Assignment:
Set down exactly the lines from the first line of the records through the line that contains "Yes, banks often", and leave every picture out.

━━━━━ Stored data

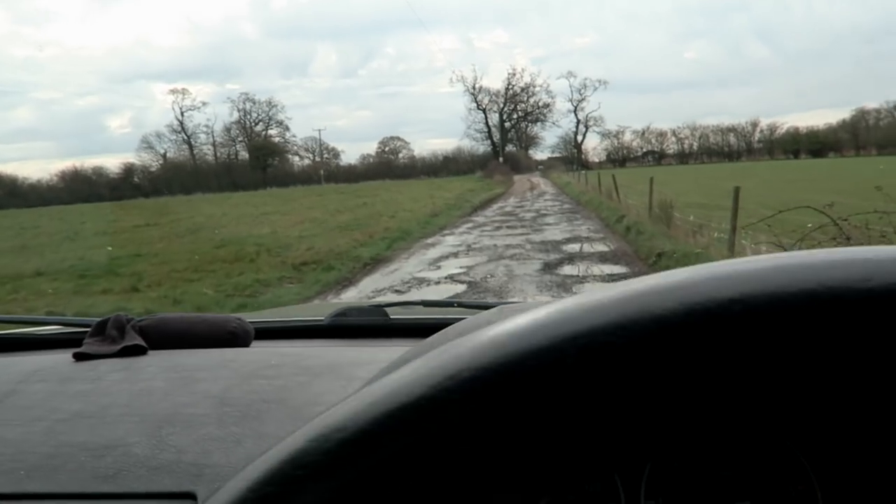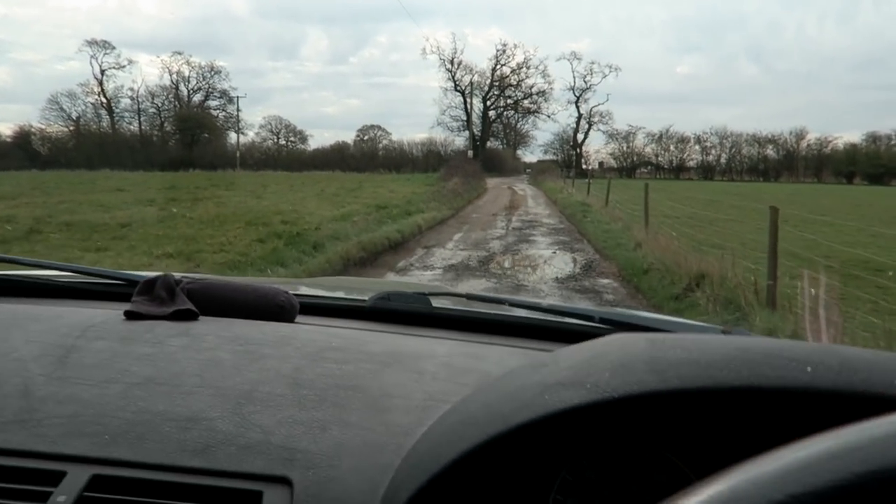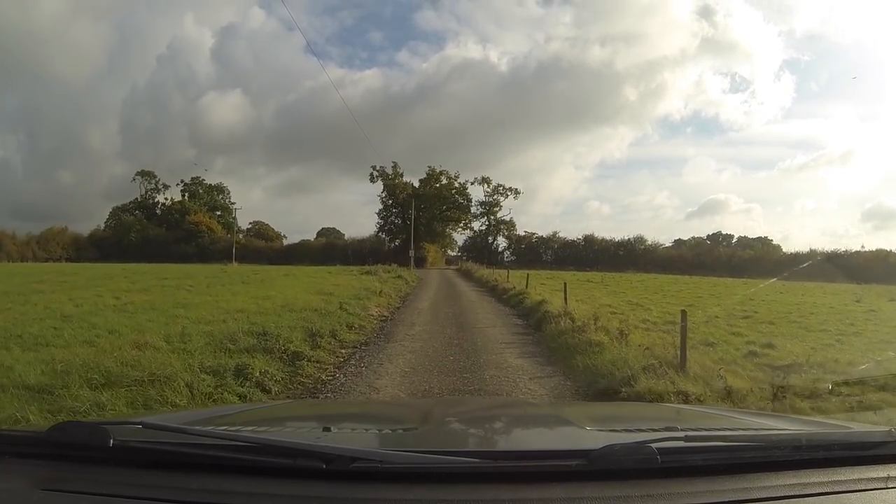The only issue we had with this storage site - and it's something that's been going on for many years - is the access road. When we first started coming here it was up a farm track: ridiculously choppy and lumpy, full of divots and massive holes that would fill with water. The original owner sadly passed away, his widow picked things up and made a massive improvement. Security has been tightened up, the access road has been dug up and relaid with proper tarmac. It's a fantastic facility - I would recommend it to anybody. If I bought another caravan and this was the only place available, I'd have it here in a heartbeat.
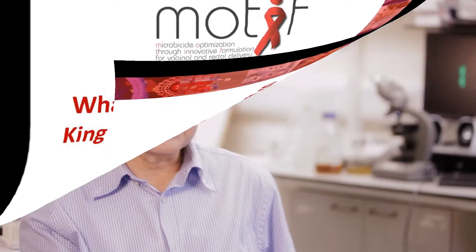The expertise that King's College brings to this is long experience in using in vitro systems to measure drug transport. Previously, my colleague Ben Forbes has worked on delivery of drugs through airway epithelium — so lungs — so it's a small step for him to come in and look at other epithelial models.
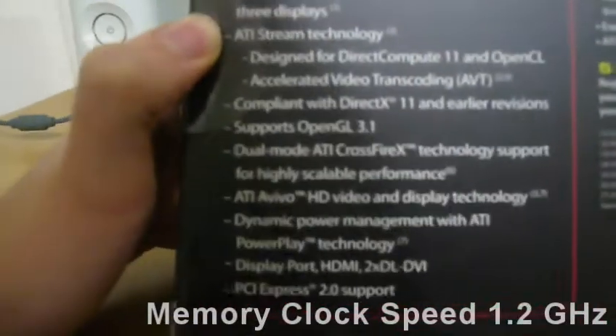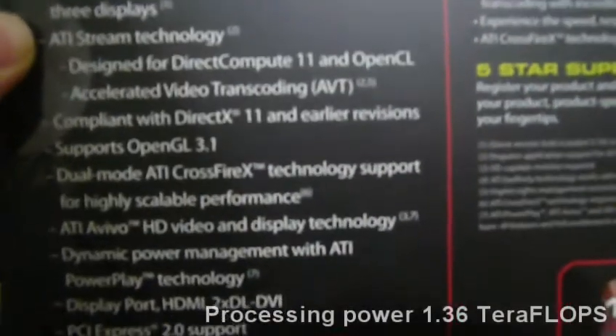Here's a list of key features. One gigabyte of GDDR5 memory. ATI Eyefinity technology with support for up to three displays — and if you go Crossfire, I believe it's up to six. ATI Stream technology, designed for DirectX 11 and OpenCL. Accelerated video transcoding. Compliant with DirectX 11 and earlier versions, so it supports all versions of DirectX. It supports OpenGL 3.1. Dual-mode ATI Crossfire technology support for highly scalable performance. ATI Avivo — not sure how that's pronounced — HD video and display technology. Dynamic power management with ATI DisplayPort, PCI Express 2.0, and so on.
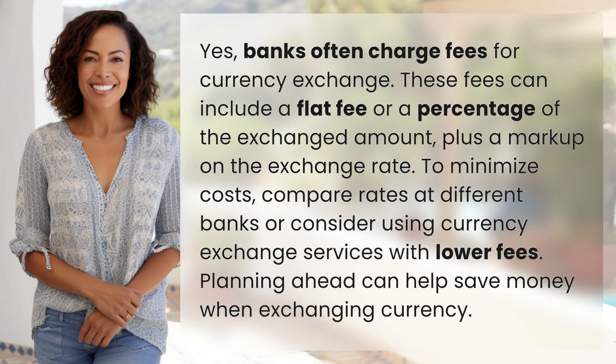Yes, banks often charge fees for currency exchange. These fees can include a flat fee or a percentage of the exchanged amount, plus a markup on the exchange rate. To minimize costs, compare rates at different banks or consider using currency exchange services with lower fees. Planning ahead can help save money when exchanging currency.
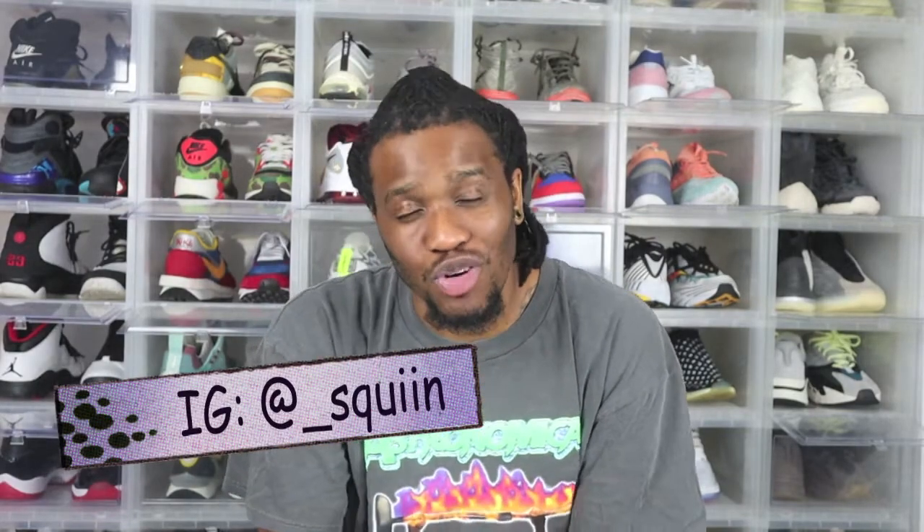Welcome back to YouTube, welcome back to the channel, welcome back to another episode of Design or Hype — or Design versus Hype, whatever you want to call it. On this episode we're going to talk about a sneaker that I actually love and I still collect because I like the color and I love the model itself, but a lot of people don't even care anymore.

━━━━━━━━━━

Task answer:
The only issue we had with this storage site - and it's something that's been going on for many years - is the access road. When we first started coming here it was up a farm track: ridiculously choppy and lumpy, full of divots and massive holes that would fill with water. The original owner sadly passed away, his widow picked things up and made a massive improvement. Security has been tightened up, the access road has been dug up and relaid with proper tarmac. It's a fantastic facility - I would recommend it to anybody. If I bought another caravan and this was the only place available, I'd have it here in a heartbeat.
The expertise that King's College brings to this is long experience in using in vitro systems to measure drug transport. Previously, my colleague Ben Forbes has worked on delivery of drugs through airway epithelium — so lungs — so it's a small step for him to come in and look at other epithelial models.
Here's a list of key features. One gigabyte of GDDR5 memory. ATI Eyefinity technology with support for up to three displays — and if you go Crossfire, I believe it's up to six. ATI Stream technology, designed for DirectX 11 and OpenCL. Accelerated video transcoding. Compliant with DirectX 11 and earlier versions, so it supports all versions of DirectX. It supports OpenGL 3.1. Dual-mode ATI Crossfire technology support for highly scalable performance. ATI Avivo — not sure how that's pronounced — HD video and display technology. Dynamic power management with ATI DisplayPort, PCI Express 2.0, and so on.
Yes, banks often charge fees for currency exchange. These fees can include a flat fee or a percentage of the exchanged amount, plus a markup on the exchange rate. To minimize costs, compare rates at different banks or consider using currency exchange services with lower fees. Planning ahead can help save money when exchanging currency.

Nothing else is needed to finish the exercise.